In partnership with EU observer, journalists at Lighthouse Reports along with Arte and Mediapart reveal how French companies continue training mission-critical skills to Saudi soldiers despite the raging war in Yemen.
Among them is French majority state-owned DCI Groupe, which is carrying out artillery training for members of the Saudi Arabian National Guard at a military school in Draguignan, a town in southern France.
French multinational Thales and a French branch of the Swiss-based RUAG are also involved in training the guard, offering the simulation equipment needed to operate the Caesars that could potentially target almost half million people in Yemen.
Disclose, a media outlet, revealed the cargo ship was expected to load munitions for Caesar howitzers. It also revealed that France is set to deliver the Saudis well over 100 Caesars between now and 2023.
The Caesars are produced by the French government-owned weapons manufacturer, Nexter Systems. Some 48 were stationed at the border with Yemen by the Saudi Arabian army in late 2018.
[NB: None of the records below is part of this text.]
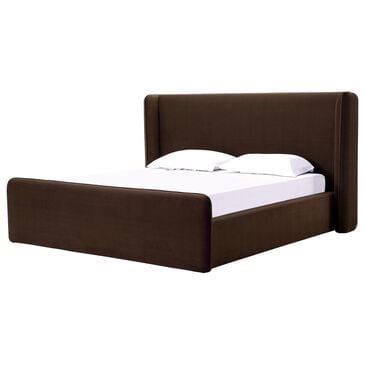 37B Formosa Bacall Upholstered Wingback Platform Eastern King Bed in Cola Velvet, , large
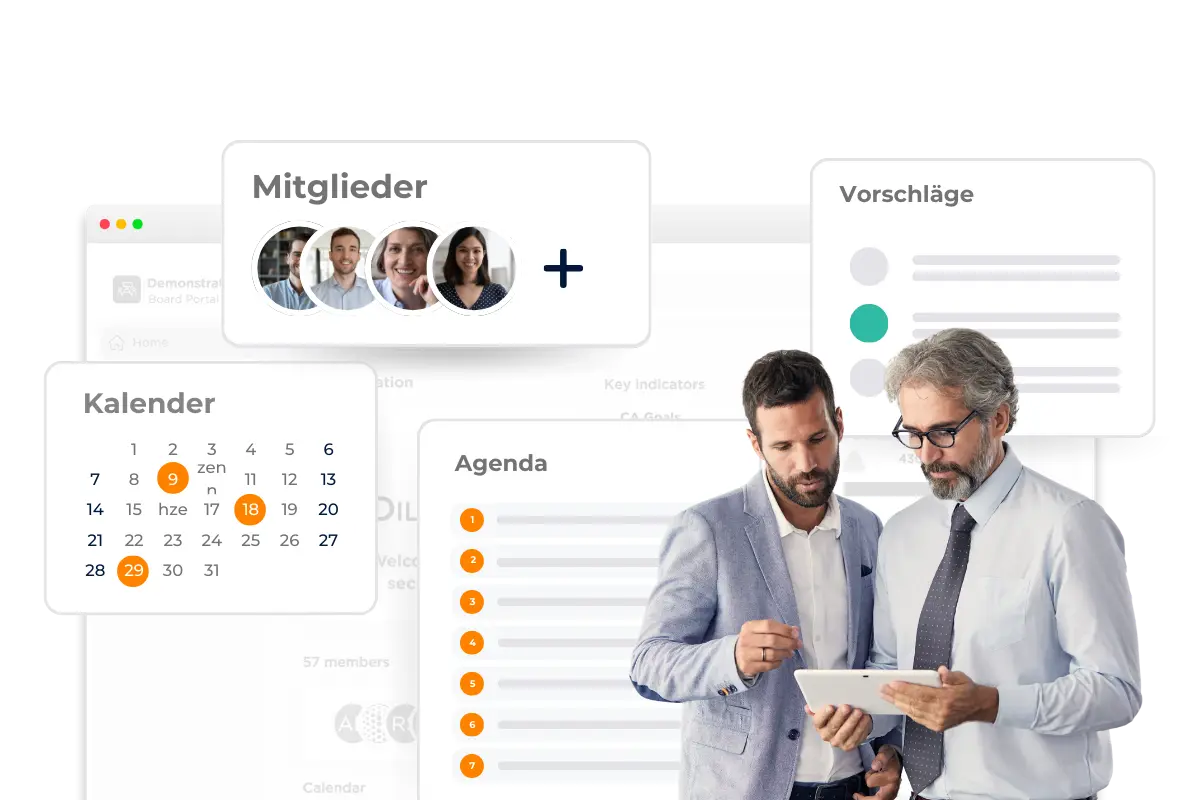 Two collaborators use board portal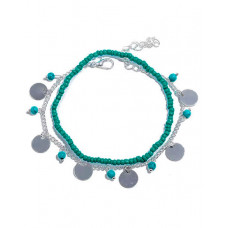 2pcs Stackable Beaded Disc Bohemian Summer Beach Anklets Set - silver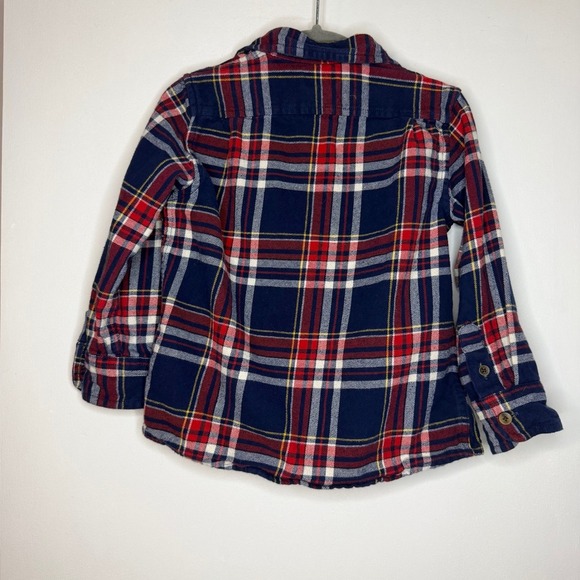 Crewcuts Boys Plaid Flannel Shirt Size 2 Red Navy Yellow Button Down - Picture 4 of 7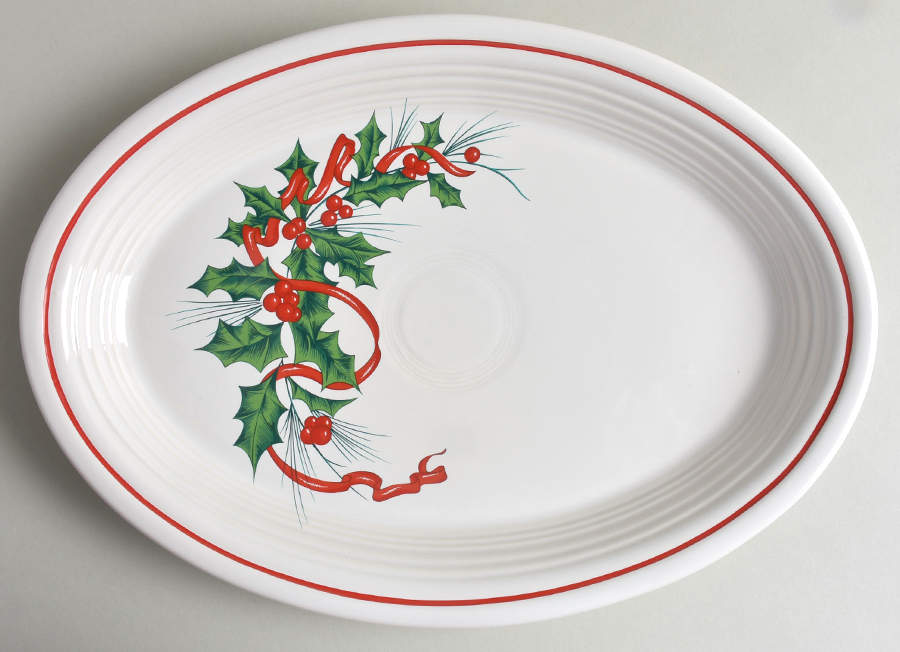Holiday Fiesta (With Ribbon) 13" Oval Serving Platter by Homer Laughlin -1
Yet a leaked internal document from France’s military intelligence agency, the DRM, warned of the risks against civilians in Yemen posed by the Caesars already in 2018.
“The population concerned by potential artillery fire: 436,370 people,” notes the document, dated 25 September, 2018.
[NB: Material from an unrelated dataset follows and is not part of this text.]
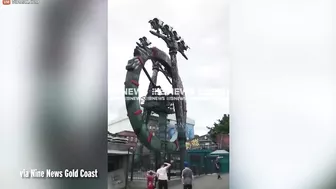 Screaming and shaken passengers stuck upside down on ride in Australia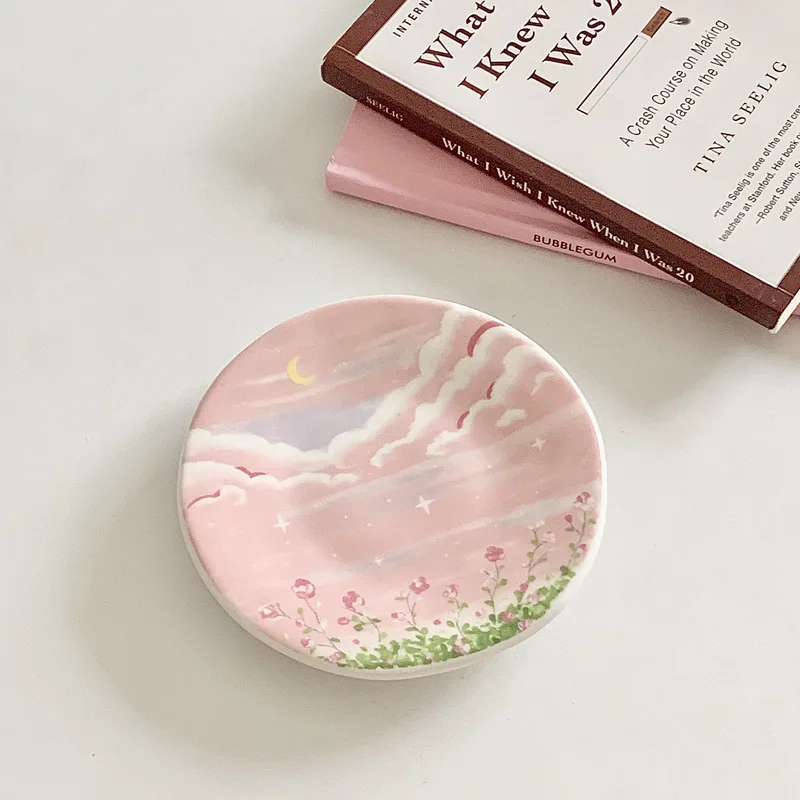 Korean-style Pink Coffee Cup Ins Style Ceramic Cup and Saucer Set Mug Hand-painted Lovely Girl Heart Afternoon Tea Heart Plate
The same document says the Caesars also play a role in supporting “loyalist troops and Saudi armed forces in their progression into Yemeni territory.”
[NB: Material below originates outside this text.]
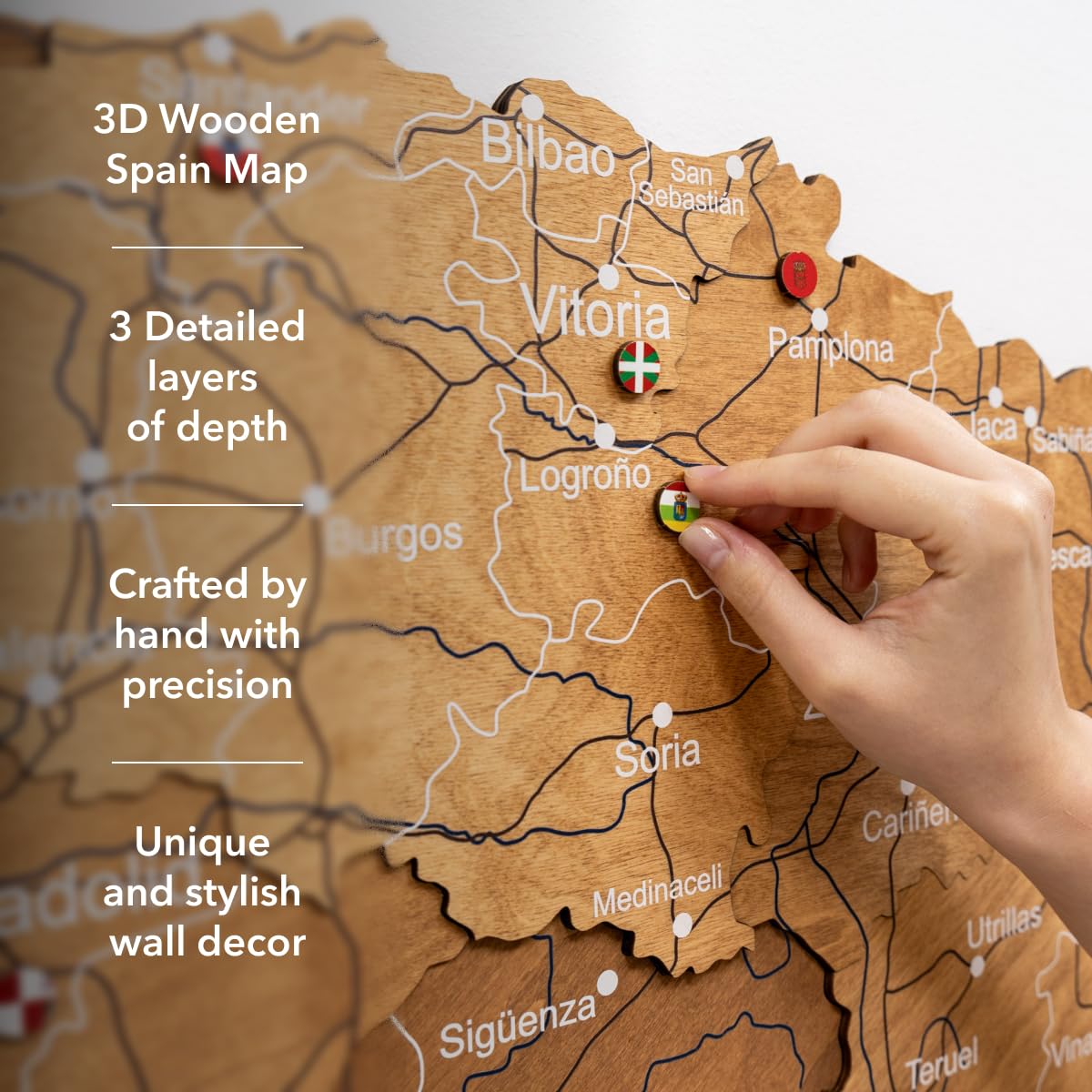 Enjoy The Wood Decoracion de Pared en 3D de Madera - Mapa España Para Marcar Viajes Hecho a Mano con Pines - Idea de Regalos para Viajeros Mapa de España (Oak, S, Sin marco)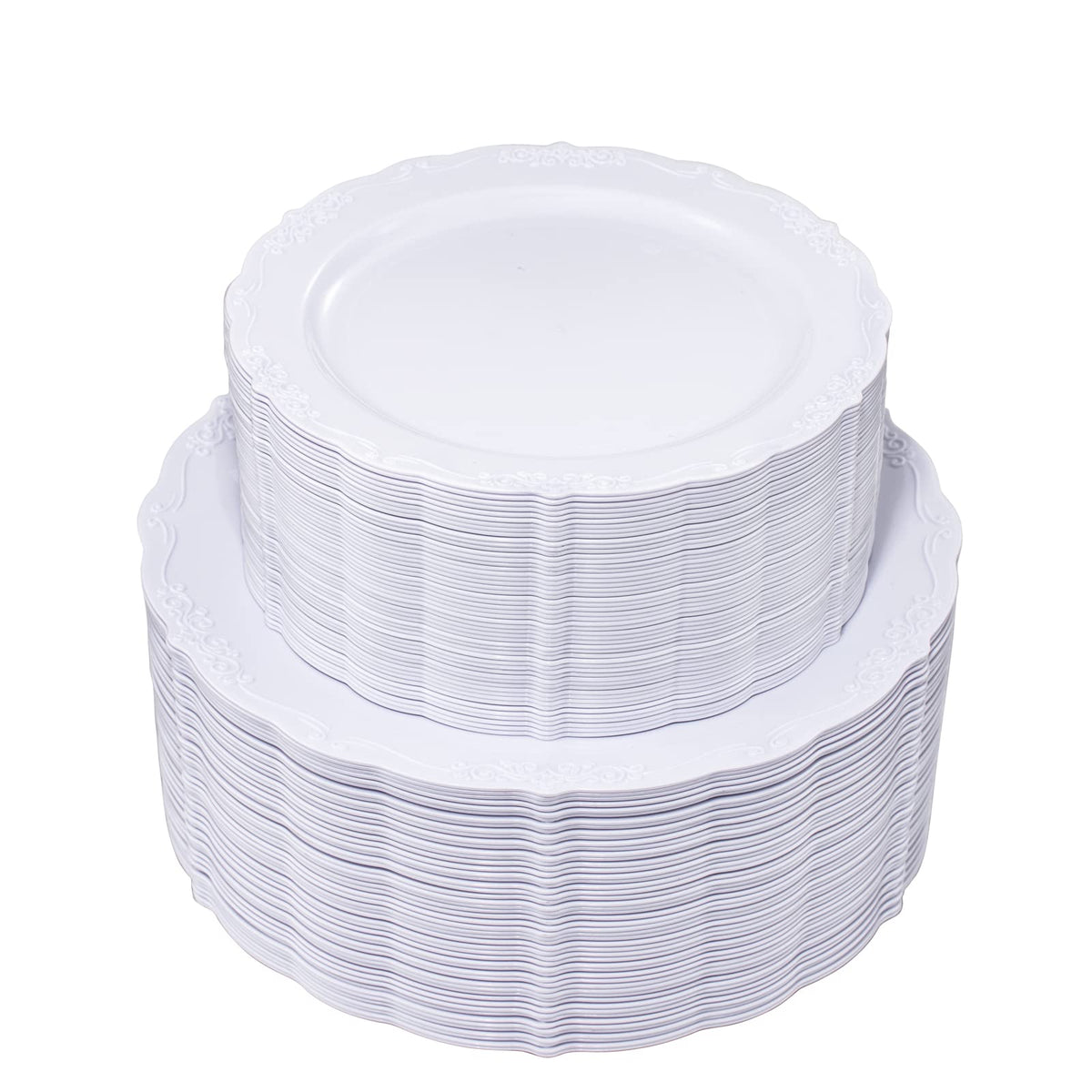 U-QE 100 Pcs White Plastic Plates, White Plates Disposable for Party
The following year artillery shells from the coalition forces slammed into a Yemeni market near the Saudi border, killing 89 civilians.
And in September, a report by the United Nations Human Rights Council on Yemen, warned that such transfers of weapons only help to perpetuate the conflict.
“But for the arms trade and the arms transfers, the war would not be persisting the way it is, the war would not continue ravaging the people of Yemen in the way it has,” said Ardi Imseis, one of the authors of the report.
British media had previously revealed similar details about the wide participation of UK companies in managing air strikes and preparing aircraft, weapons and ammunition, and the same is the case for the US, whose participation has become public and documented.
This information confirms that the aggressive Saudi-led “coalition” was from the outset nothing but a cover for Western powers that directly manage the various operations targeting Yemen.